The problem is compounded by misleading high-SPF marketing, she said.
In laboratory conditions, an SPF 50 product blocks 98 percent of UVB rays. SPF 100 blocks 99 percent. The difference is negligible, but manufacturers continue to push SPF 70-, 80-, and 100-plus products using chemical boosters that may inflate the number without improving UVA protection.
“The SPF number on your sunscreen bottle doesn’t tell you the whole story,” said Friedman. “Consumers who reach for the highest SPF because they want maximum protection are often getting the least reliable UVA coverage of all.
Friedman said it’s a public health problem and the FDA has the authority to fix it.
Undisclosed “fragrance” in 36% of SPF products
More than one in three sunscreens EWG evaluated in 2026 list undisclosed “fragrance” on the label. It can conceal hundreds of chemicals, including allergens, hormone disruptors, and carcinogens.
For daily sunscreen users, those exposures accumulate. One study found the cumulative health effects of repeated fragrance exposure are poorly understood and inadequately regulated. Congress set a 2024 deadline for the FDA to address fragrance allergen labeling in cosmetics, a rule that would have covered moisturizers with SPF. The agency missed the deadline.
There’s no fragrance disclosure for sunscreens, so consumers have no way to know what’s hidden behind that word.
“‘Fragrance’ on a sunscreen label doesn’t describe a single ingredient,” said Jilly Senk, science analyst at EWG Verified.
“When you apply that product every day – to your face, your children’s skin, year after year – those undisclosed exposures add up,” she said. “The EWG Verified mark exists precisely because the law does not require the transparency consumers deserve.”
How to find a sunscreen that works for you
The 2026 Guide to Sunscreens also offers lists, including a selection of the top-rated recreational sunscreens, the safest for kids and babies, moisturizers with SPF, and lip balms. They’re the products EWG scientists ranked the highest for their overall protection from UVA and UVB rays and other factors.
EWG also recommends “12 Bang for Your Buck Kids Sunscreens,” all priced at less than $20.
Here’s EWG’s guidance for choosing a sunscreen:
Choose mineral protection. Look for zinc oxide, which provides stable, balanced UVA and UVB coverage. EWG also recommends titanium dioxide for daily use.

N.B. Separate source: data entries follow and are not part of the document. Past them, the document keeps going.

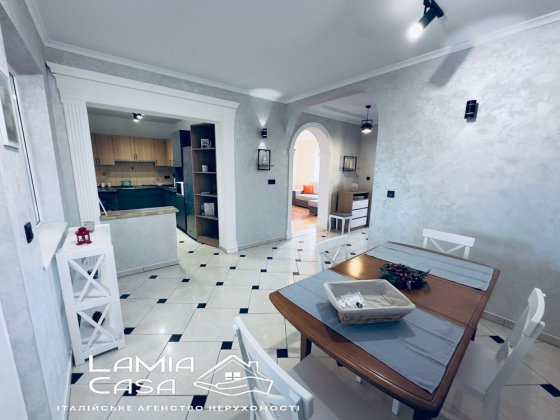 Продаж будинку в затишному місці . В кучурів Чернівці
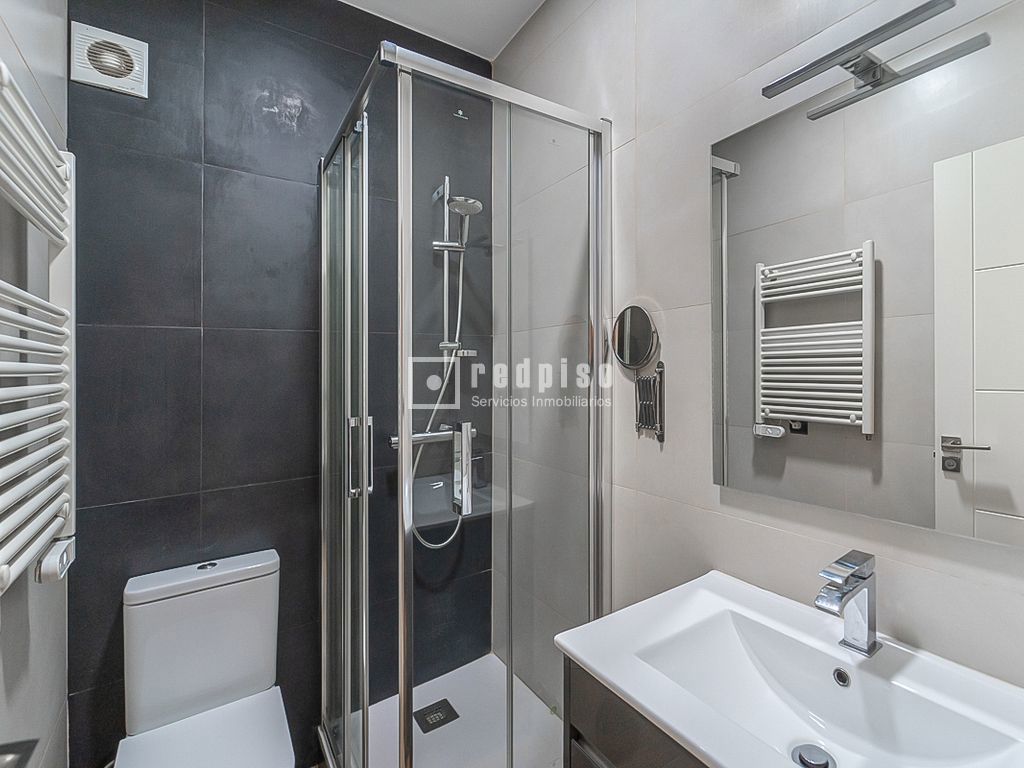 Piso en venta en calle De Medellín, Madrid, Madrid 23/31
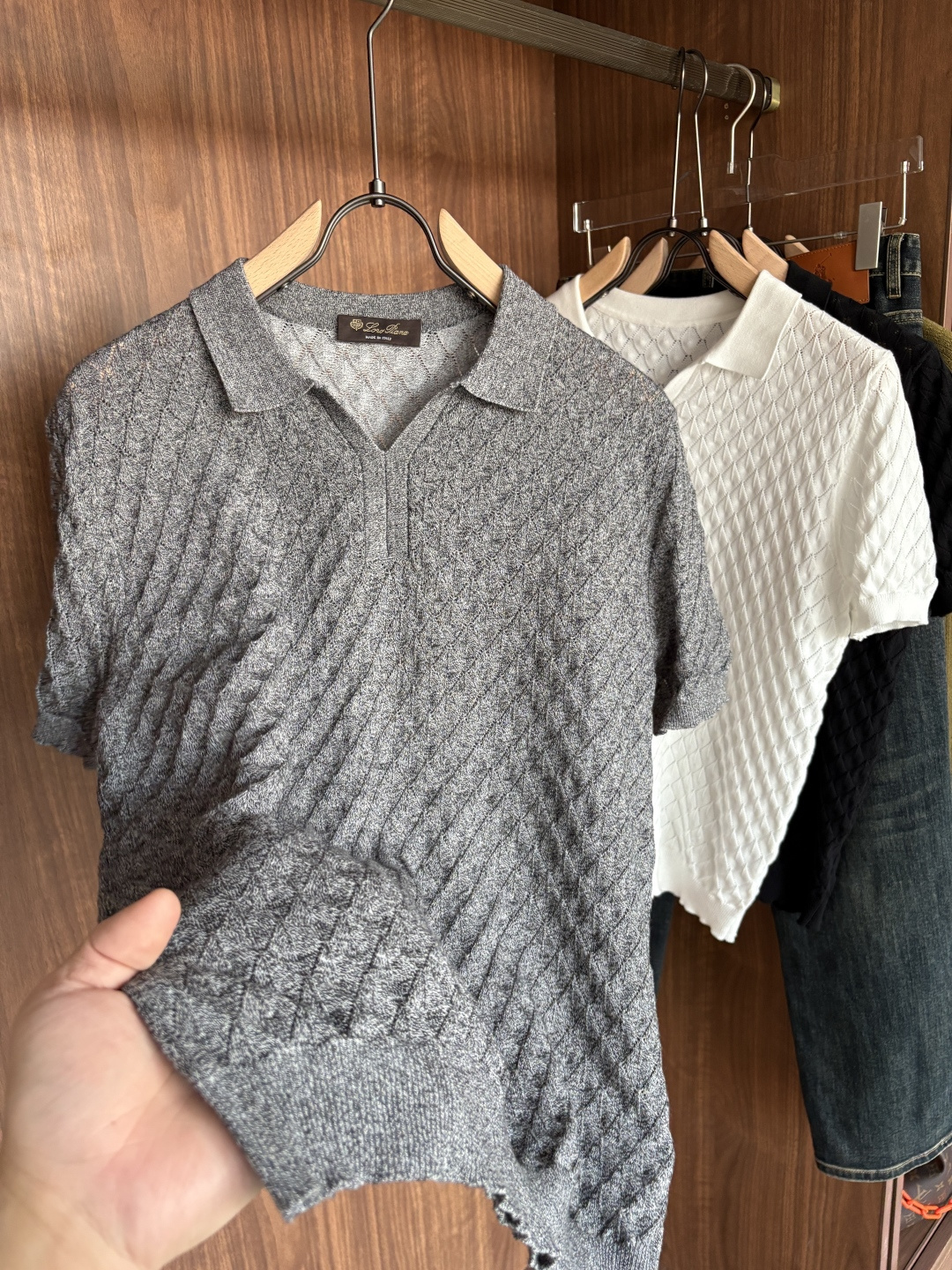 耗时王”菱形提花设计甄选超细优质纱线翻领短袖男士典藏款「耗时王」圆领奢雅工艺，触肤即高阶。• 匠心底蕴：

Choose lotions or sticks over sprays. Sprays raise concerns about inhalation and often result in uneven coverage, especially in wind.
Skip high SPF numbers. Stick with SPF 50 or lower. Products with SPF 70, 80, or 100+ may not provide better UVA protection and can create a dangerous false sense of security.
Avoid chemicals of concern and undisclosed fragrance. Ingredients such as oxybenzone and octinoxate are linked to hormone disruption and environmental harm. Undisclosed fragrance masks potentially harmful chemicals.
Use EWG’s tools. Search EWG’s Guide to Sunscreens, use the EWG Healthy Living app to scan products while you shop, and look for the EWG Verified mark, which requires sunscreens to exceed U.S. and European UVA protection standards.